Venezuelan opposition leader Juan Guaido and his new rival, lawmaker Luis Parra, called for competing legislative sessions Tuesday after both claimed to be the country's parliamentary speaker.
On Sunday, Venezuelan security forces with riot shields blocked Guaido from entering the National Assembly chamber where he was expected to be re-elected head of the opposition-dominated legislature. Instead, Parra, who is backed by socialist leader Nicolas Maduro, proclaimed himself speaker after claiming to have been elected with 81 votes in the 167-member chamber. Guaido has the support of much of the international community.

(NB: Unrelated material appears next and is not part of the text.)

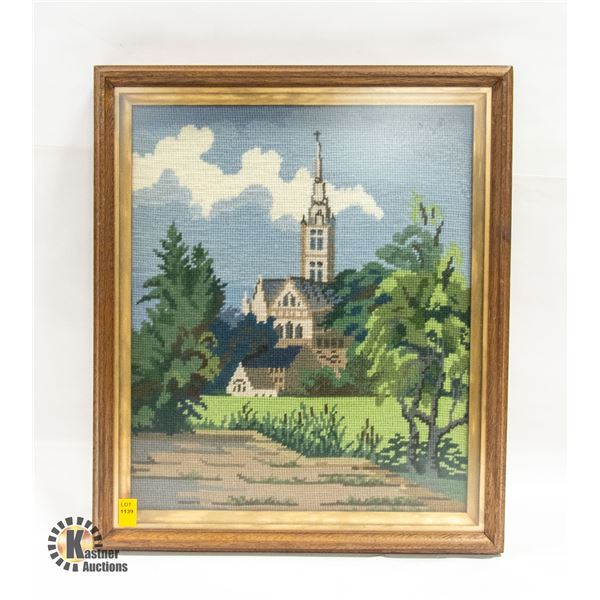 14" X 17.5" FRAMED CHURCH NEEDLEWORK PICTURE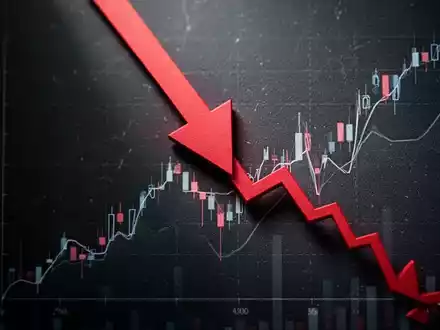 Roter Pfeil zeigt steil nach unten durch einen fallenden Finanzgraphen, der einen erheblichen Aktienkursrückgang symbolisiert. - Foto: über boerse-global.de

Opposition lawmakers later re-elected Guaido in a hastily arranged session at the headquarters of El Nacional newspaper, the last remaining newspaper in Caracas critical of Maduro and his ruling Socialist Party. A tally showed that 100 of Parliament's 167 legislators voted for Guaido.
Elliott Abrams, U.S. envoy for Venezuela, said Monday the U.S. is considering additional sanctions on Venezuela after what he called a "brutal and corrupt campaign" by Venezuela's government to deny lawmakers access to the National Assembly.
"Obviously if the regime had the votes, it would not have ordered soldiers to keep elected deputies out of the National Assembly," he told reporters at the State Department.
He said Guaido won the election with a proper quorum, and said the United States is looking at new ways to support him.
U.S. Secretary of State Mike Pompeo said in a statement Sunday that Venezuelan officials supporting Maduro are trying to "destroy the last democratic institution in Venezuela, the National Assembly." He described the session in which Parra claimed himself speaker as a "farcical vote,'" and said no quorum was present.
Guaido has led the opposition to Maduro since the National Assembly elected him speaker. In that role, he declared himself acting president on Jan. 23, 2019, after Parliament called Maduro a "usurper."
"We defeated the dictatorship again. We overwhelmingly defeated the dictatorship, the ambitions of the dictatorship," Guaido said Sunday after his supporters re-elected him.
The European Union said Sunday it would continue to recognize Guaido, while the Lima Group regional bloc said Monday it backed Guaido's re-election.
His re-election "represents a rejection of the reckless actions by Nicolas Maduro's regime that sought to prevent his appointment," said a statement by the group signed by Brazil, Canada, Chile, Colombia, Costa Rica, Guatemala, Honduras, Panama, Paraguay, Peru and Bolivia.
Argentina's new center-left government also criticized blocking Guaido from the National Assembly.
"To impede by force the functioning of the legislative assembly is to condemn oneself to international isolation," Argentina's Foreign Minister Felipe Sola said on Twitter.
Russia argued that the vote to elect Parr was a democratic action.
"We consider the election of the new leadership of Parliament to be the result of a legitimate democratic procedure," Russia's Foreign Ministry said in a statement.
Parra is one of several lawmakers who recently broke away from Guaido. He has since been expelled from his party for alleged involvement in a corruption scandal involving Maduro.
Guaido is recognized by the United States and nearly 60 other countries as the legitimate president of Venezuela.
Guaido's international backing rests on the fact that as assembly president, he is Venezuela's highest-ranking official to have been democratically elected.
Opposition lawmakers hold 112 seats in Venezuela's National Assembly.